Exercise:
Only the lines below from the one containing "67×100 cm, 2012" to the one containing "Портокали за сок - летен сорт" should be repeated, both included and unchanged.

Exercise material:
________________________________________
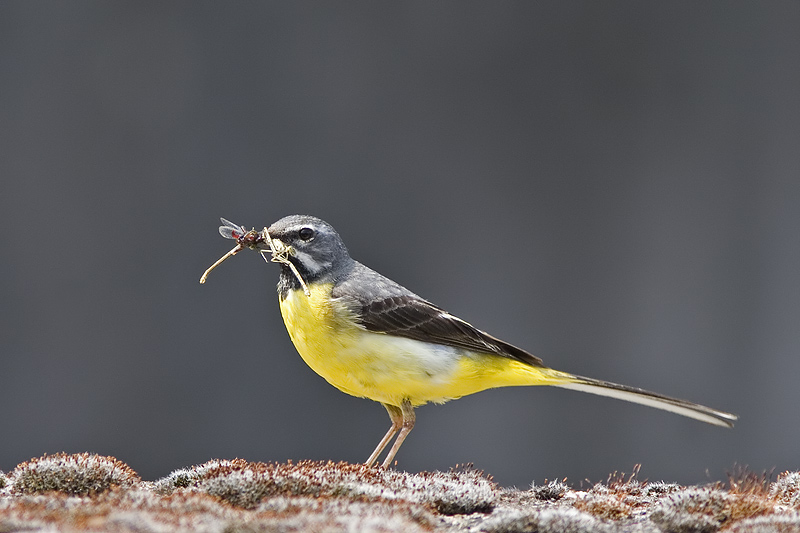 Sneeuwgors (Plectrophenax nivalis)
________________________________________
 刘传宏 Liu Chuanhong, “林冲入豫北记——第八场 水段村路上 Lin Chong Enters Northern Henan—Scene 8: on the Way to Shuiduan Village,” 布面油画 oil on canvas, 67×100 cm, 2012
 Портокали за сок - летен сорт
________________________________________
Written response:
 刘传宏 Liu Chuanhong, “林冲入豫北记——第八场 水段村路上 Lin Chong Enters Northern Henan—Scene 8: on the Way to Shuiduan Village,” 布面油画 oil on canvas, 67×100 cm, 2012
 Портокали за сок - летен сорт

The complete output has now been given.